How will the proposed reforms to R&D tax credits be implemented?


HM Treasuy and HMRC released their initial proposals in November 2021 and have carried out consultations with industry on the final policy decisions needed to implement the reforms to the tax credit. The changes are set to be included in the Finance Bill 2022-23, taking effect from April 2023.

Below we set summarise the Treasury’s proposals as well as what we and our members have suggested to get the final policy framework right.


Licence payments for datasets

HMT have proposed to include licence payments of datasets as a qualifying expenditure for R&D tax reliefs. techUK members agree with the Treasury that datasets are as vital an ingredient as any raw materials or labour inputs which are employed in the process of R&D.

These proposals, however come with some restrictions that are set out to make sure that tax credits are claimed only for R&D purposes. For example, companies will not be able to claim the relief if the dataset grants any rights of resale, publishing, sharing or otherwise communicating the raw data within the dataset to a third party.

techUK recommends however not limiting companies' claims on the ability to communicate, share and publish the data for quality assurance and transparency reasons (e.g. where the company share the data so customers can understand the provenance and diligence of the analytics that have been performed), restrictions should be targeted to where the dataset would be sold to a third party for purely commercial reasons.


Cloud computing and software

techUK supports including costs which can be attributed to computation, data processing, analytics and software on the cloud to be claimable for R&D tax reliefs as stated in HMT proposals.

However, we recommend the government to include storage of data to the list of costs outlined above. R&D projects are increasingly including more substantial data to do data-driven R&D, and some members have expressed that in some projects 80% of the costs can be attributable to the storage of data. Excluding storage costs may have unintended consequences, such as skewing activity towards particular types of R&D activity (e.g. those with less storage costs), which is contrary to the scheme's objectives.


Refocusing the reliefs towards innovation in the UK

HMT have set out proposals to more effectively capture the benefits of R&D funded by the reliefs through refocusing support towards innovation in the UK. These proposals are to some extend motivated by the fact that UK companies claimed tax relief on £47.5 billion of R&D expenditure in 2019, but the ONS estimates that businesses only carried out £25.9 billion of privately financed R&D in the UK.

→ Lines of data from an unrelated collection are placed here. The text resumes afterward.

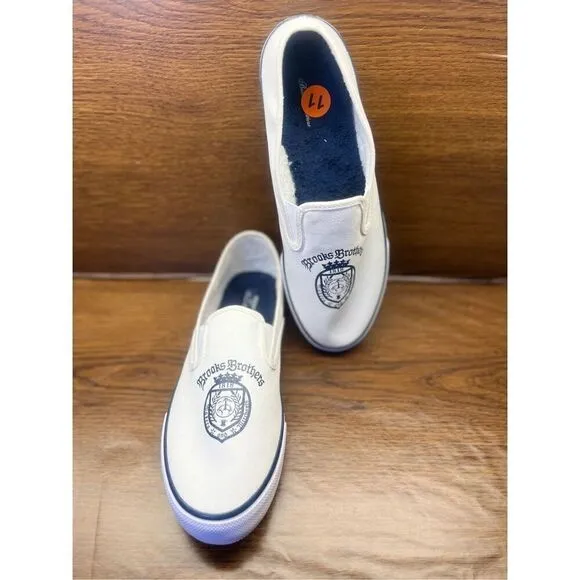 Brooks Brothers Sperry White &amp; Navy Crest Canvas Slip On Sneakers, Sz 11.5 Men’s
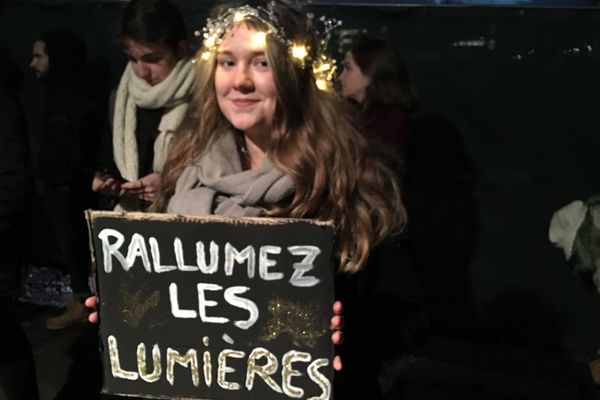 Pancartes et lampes torches, elles demandent de meilleurs aménagements pour plus de sécurité.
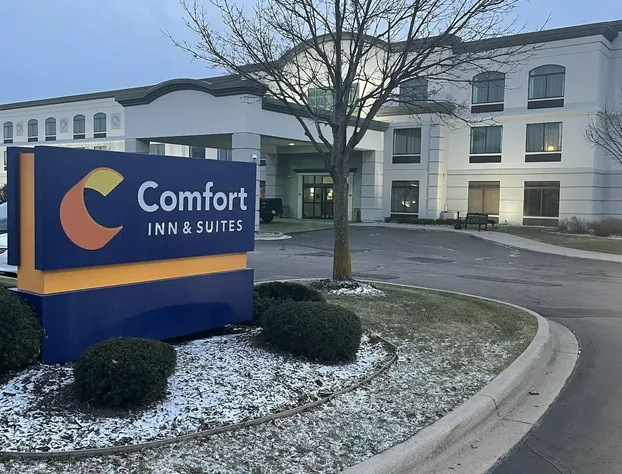 Comfort Inn & Suites Grand Blanc/Flint hotel detail image 1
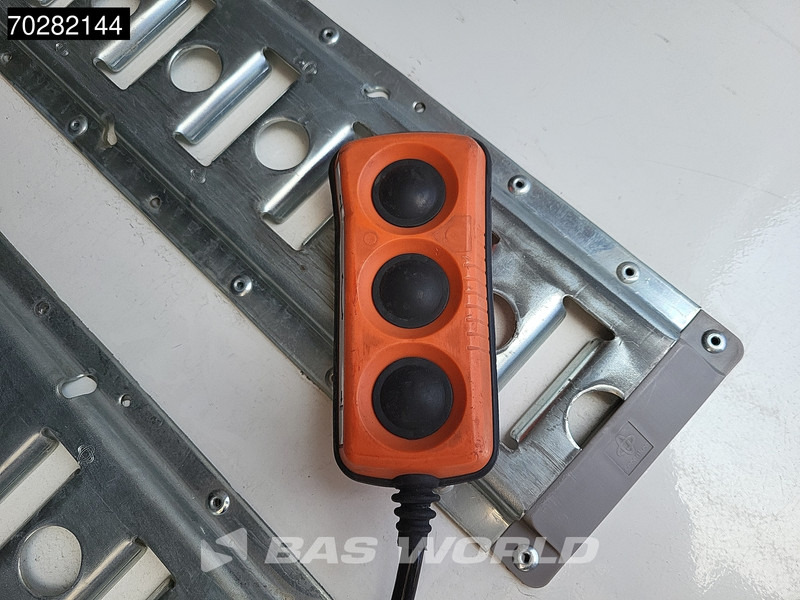 Refrigerator truck Mercedes-Benz Atego 1524 Atego 4X2 Thermo King T-1200R Spectrum 1500kg Ladebordwand Euro 6: picture 12 Refrigerator truck Mercedes-Benz Atego 1524 Atego 4X2 Thermo King T-1200R Spectrum 1500kg Ladebordwand Euro 6: picture 12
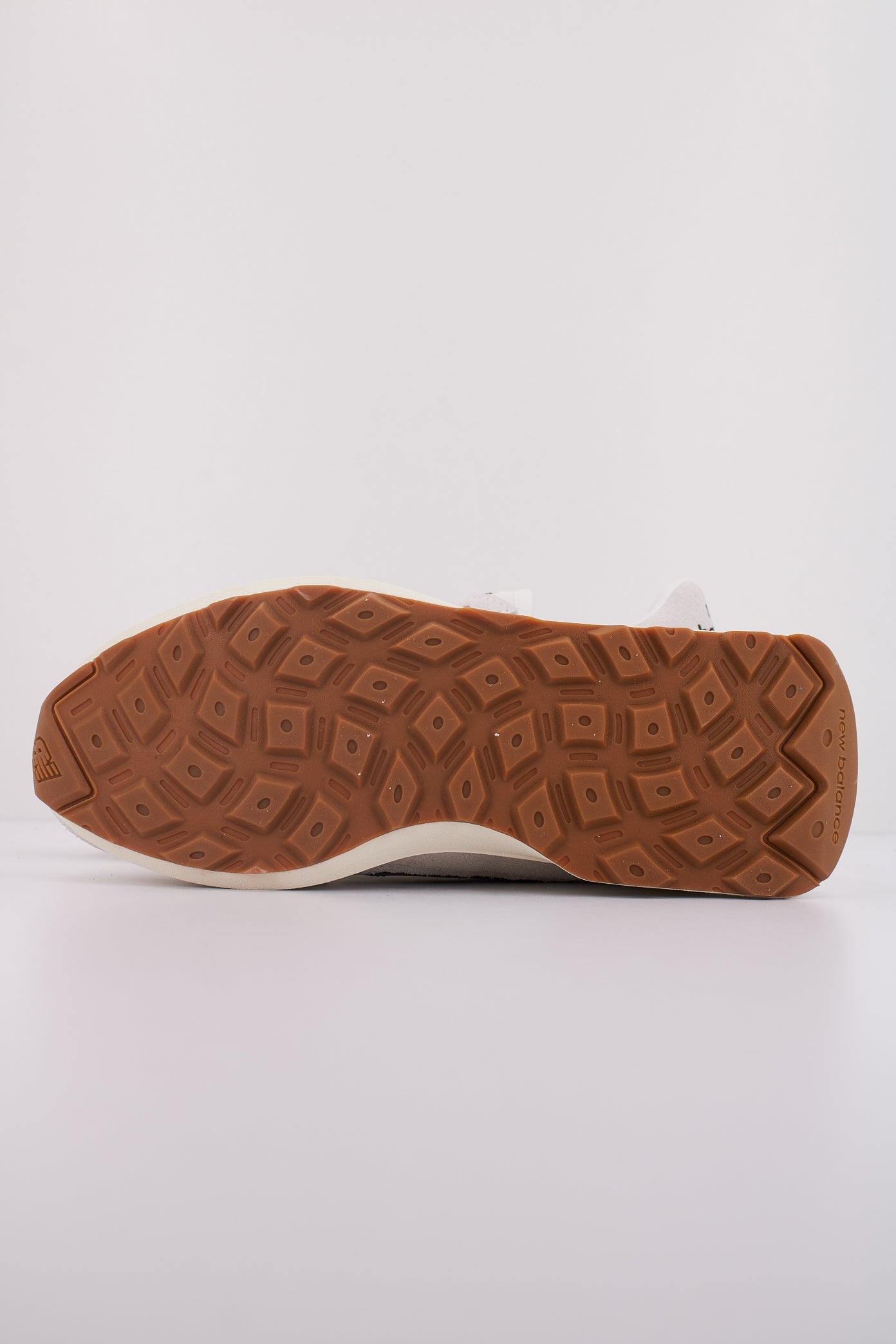 NEW BALANCE U CA en color BLANCO (5)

techUK recognises the principle of HMT proposals, however we believe that some of the recommendations stated in the consultation would be challenging to put into action. This is especially considering the current shortages of skills and talent, and the contractual or regulatory requirements that make it mandatory for some companies to conduct some R&D projects outside the UK.


Abuse and compliance

techUK welcomes HMRC’s announcement of allocating additional resources to R&D tax relief compliance and the creation of a new cross-cutting team focussed on abuse. However members are interested on how the measures proposed to “address the root of the problem” would work in practice without overburden companies making R&D claims, and how HMRC will engage with industry to ensure compliance.

techUK and its members will continue to work with HMT and HMRC as they develop the revised guidance and will monitor the implementation of the tax credit when it goes live on the expected date in 2023.


To see techUK’s full set of recommendations on the final design of the policy please click here.


Pablo Derpich

Pablo Derpich

Policy Manager, Economy and Innovation, techUK

Pablo Derpich is the Policy Manager for Economy and Innovation at techUK. 

Before joining techUK, Pablo worked in Economic Policy research on the topics of innovation and development for governmental and non-governmental organisations (NGOs) in Latin America and the United Kingdom.

Pablo has a degree in Economics (BSc) from the University of Chile and an MPA in Digital Technologies and Policy at UCL Department of Science, Technology, Engineering and Public Policy (STEaPP).

[email protected]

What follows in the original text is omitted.